The name is synonymous with diverse and international programming, and their aim is to make dance accessible and relevant to a modern audience. It’s dance that stands out from the crowd. And it’s dance that matters.

The Rambert Triple Bill currently at The Lowry offers the chance to see early works by Wayne McGregor and Hofesh Shechter, along with a new hip-hop influenced piece by rising star Marion Motin. They’re all breakthrough pieces.

Photo: Johan Persson

And the chameleonic performers are not just dancers, they’re artists.They have stories to tell. 

The bill opens with PreSentient, which was originally commissioned in 2002. It’s set to Steve Reich’s Triple Quartet, a relentless, airless, driven piece, the dancers responding to the changing tones. 

The razor-sharp moves are animalistic and jutting and then slow and sensuous, the bodies twisting against Lucy Carter’s lighting, which shapes the space with thick geometric lines.

Photo: Johan Persson

Wayne himself described the dancers as a “graphic alphabet, a grammar and syntax of violent physicality that battles with claustrophobic choreographic structures to create a sense of unresolved, restless apprehension. A premonition perhaps.”

It sets the tone for the second piece, Rouge, which premiered at Sadler’s Wells earlier this year and which poses several questions. How do you keep going when the only thing you have is yourself? When your building is burning in the middle of the night, what do you take with you?

It certainly packs a punch, opening with musician Rubén Martinez on-stage cutting through the silence with wailing, throbbing guitar. The dancers, dressed in fur and sportswear, cowboy boots and heels, rise and fall through the dry ice.

Photo: Johan Persson

As they rise together they strip down to leaner costumes. Choreographer Marion Motin’s background is hip-hop and pop, and the ensemble piece is full of the frenetic energy of a music video. 
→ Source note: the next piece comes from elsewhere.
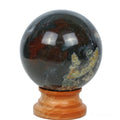 Bloodstone Sphere — 3280 Ct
With hundreds of millions of YouTube views for her videos for Christine and the Queens and Dua Lipa, she has never worked with a contemporary dance company, until now.

The lighting, by Judith Leray, positions the dancers between racing neon tubes of light, an effect which becomes hypnotic as the movements gather pace. 

Photo: Johan Persson

The triple bill concludes with Hofesh Schecter’s In Your Rooms, a work which premiered in 2007 and made a name for the groundbreaking choreographer. 
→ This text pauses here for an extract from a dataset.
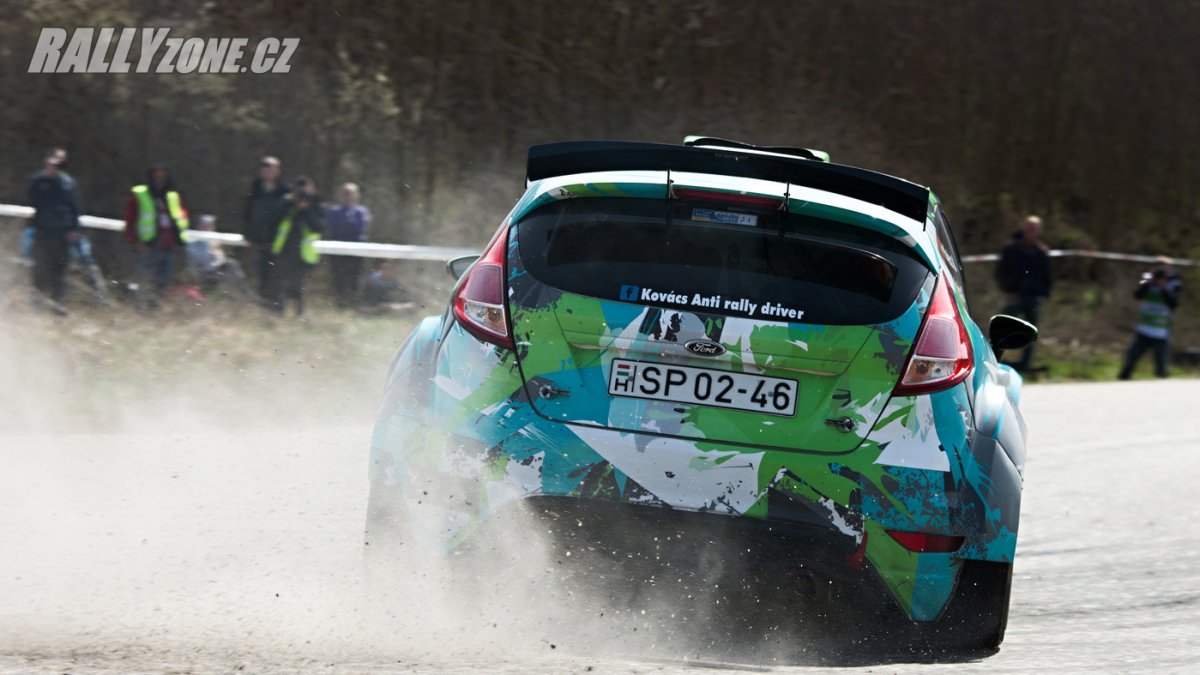 Rally Eger (HUN)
The gritty but exhilarating piece questions everything, including its own structure. “I can do better than that,” comes the voice of Hofesh through the darkness in a dreamlike audio recording. Then, “No, I can’t.”
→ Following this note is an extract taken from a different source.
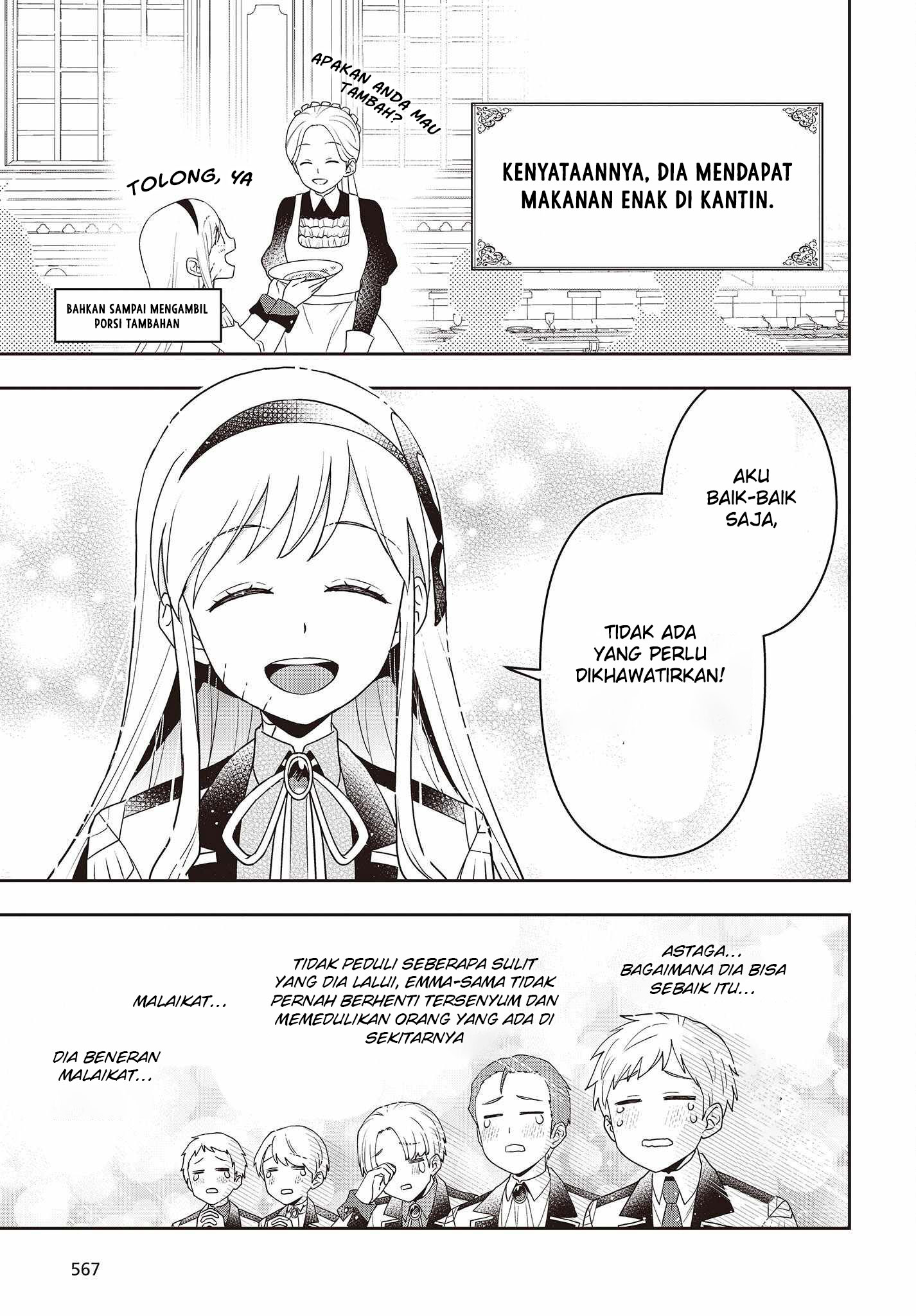 Tanaka-ke, Tensei suru. Chapter 29 - halaman 16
The dancers sometimes move in repetitive, vigorous, focused union, crouched low and machine-like, and sometimes as individuals, highlighting their vulnerability.

“Don’t follow leaders,” flashes a sign. “Follow me.”

The musicians play the choreographer’s string-and-drum-heavy score live on stage, raised above the dancers. It makes for a magical, other-worldly atmosphere.

The whole performance is haunting yet heart-poundingly intense, and it’s easy to see why Hofesh, the folk dancer and rock musician from Israel, is regarded as one of the most exciting artists making stage work today.

Modern dance fans shouldn’t miss the opportunity to catch the Rambert Triple Bill.

It’s a chance to see where some of the most significant choreographers in contemporary dance have come from. And it also offers a glimpse of what the future might hold.

The Rambert Triple Bill is at The Lowry until Friday 1st November.